Discussion in 'Wood and Canvas' started by Brent Meixell, Aug 13, 2018.

  1. Brent Meixell

    Brent Meixell New Member

    A lot of the ends of the Ribs look in really rough shape, either way too many holes drilled, cracks, or rot. I have seen it common to scarf in new rib tips but mainly towards the bow and stern. how many is too many? I would rather not lower the whole canoe.
  2. Dave Osborn

    Dave Osborn LIFE MEMBER

    I restored an historically significant canoe a couple of years ago and scarfed every rib tip except one.
    Based on that I don’t think there is a limit.
    Early in my restorations I cut one of my own canoes down under the inwales and regretted it.
  3. Michael Grace

    Michael Grace Lifetime Member

    Hi Brent. Have you thought about trying to shore up the existing rib tops rather than cutting them off? If the main issue is cracks and holes from nails and gunwale screws, you can make surprisingly good repairs - without scarfing - on ribs that appear to be in pretty rough shape. Remove the fasteners and tape off to keep epoxy from running down the ribs or contacting the gunwales. If the ribs are at all punky, you can apply a low-viscosity epoxy like CPES which will soak into the wood fibers and solidify them on cure. Then repair the cracks and holes with regular epoxy. For larger gaps and damaged top edges, apply some epoxy thickened with wood flour. You might add some side-to-side clamping pressure to bring splits back together. Build slightly higher than the original top and then you can sand down to a nice, flat surface.

    This may sound like more work than scarfing, but I personally believe the end result is stronger that a scarf because you'll have continuous grain throughout the rib (no reliance on a cross-grain glue joint). Plus you won't have all the scarfs to to see. There are multiple ways to approach any job; this is simply my personal preference for this kind of job.

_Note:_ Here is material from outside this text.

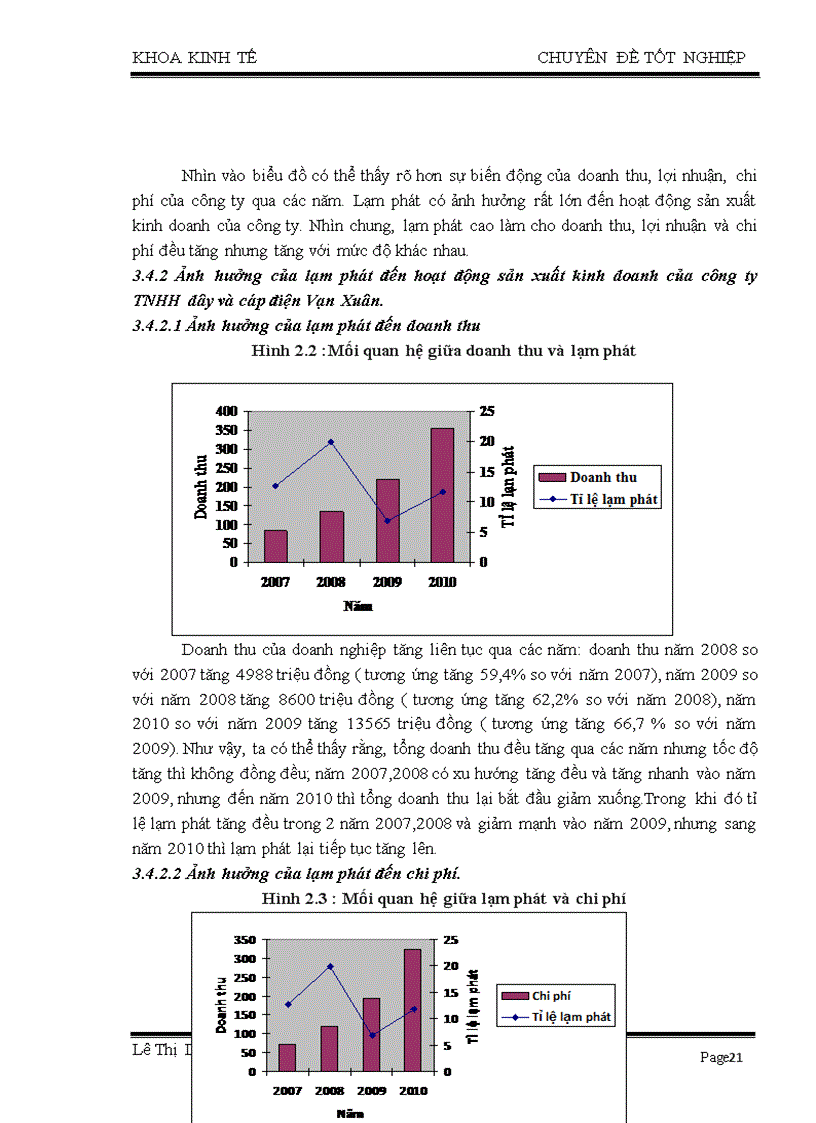 image for page Giải pháp nhằm hạn chế tác động của lạm phát tới hoạt động kinh doanh mặt hàng dây và cáp điện trên thị trường Hà Nội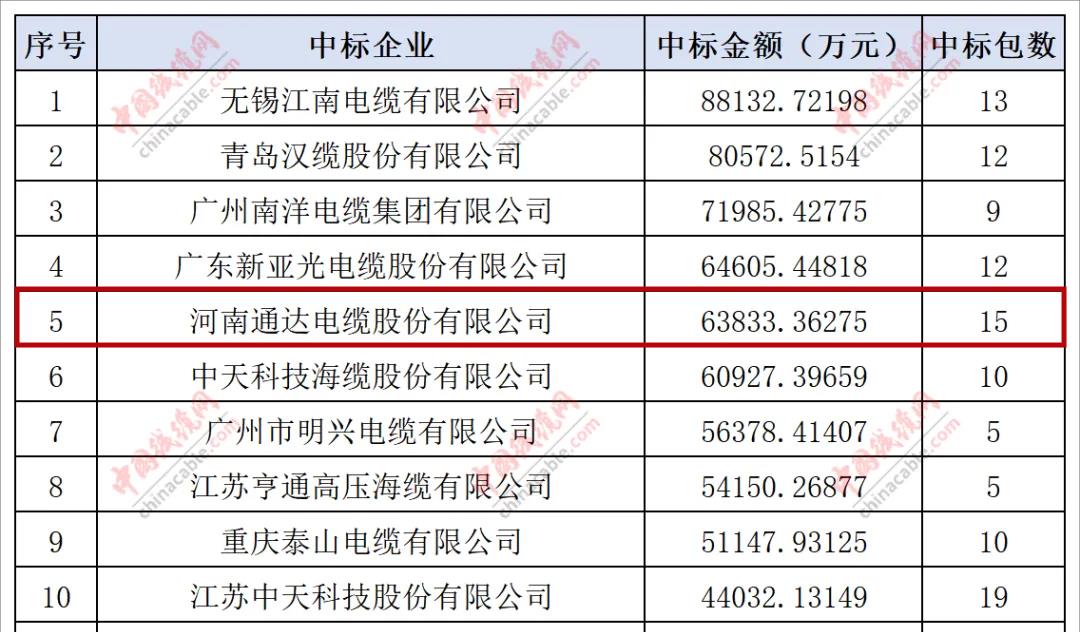 喜讯！通达股份荣获国家电网第11名、南方电网第5名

That said, of course I've done and will do scarfs when this kind of repair is insufficient. In fact, tomorrow I'll be scarfing some ribs where the tips are completely rotten away - there's nothing left to repair.
  4. MGC

    MGC Scrapmaker

    West Systems G-Flex works very well to rebuild damaged rib tips (stems, etc.). It is very strong but allows adequate working time to allow you to do several ribs without having to race the mixes well with wood flour/dust. I prefer to avoid tip splices when I can but as Michael notes...there are times when there are no other options. I save pieces from old ribs so that I have old wood to use to match up when I splice rib tips on boats with open rails. I do not like to see bright rib tips adjacent to old darkened wood.
  5. Dave Osborn

    Dave Osborn LIFE MEMBER

    The scarfs are hidden behind the inwales. I generally dont even stain them because they don’t show up.
    Using old wood like Mike mentioned works well for me also.
    I use a belt sander to grind a long flat angle on the the planking side of the rib. Takes only seconds...
    Then make a matching piece to epoxy in Place. I use G-Flex. It is less brittle than other epoxies.
    I’m not in favor of thickened epoxy patches. To me they look like epoxy patches.
    If you do butter them with thickened epoxy, at least put in a wooden veneer on the very top of the rib to make it look like wood.
  6. ChipEttinger

    ChipEttinger New Member

    My Old Town has several badly cracked ribs in the middle of the floor towards the bow. I'm not sure the integrity of the canoe is affected but how should these be repaired?
  7. Dave Osborn

    Dave Osborn LIFE MEMBER

    Your choice...
    Replace them, do backside repairs, sister them, or leave them.
    The first two choices require you to remove the canvas.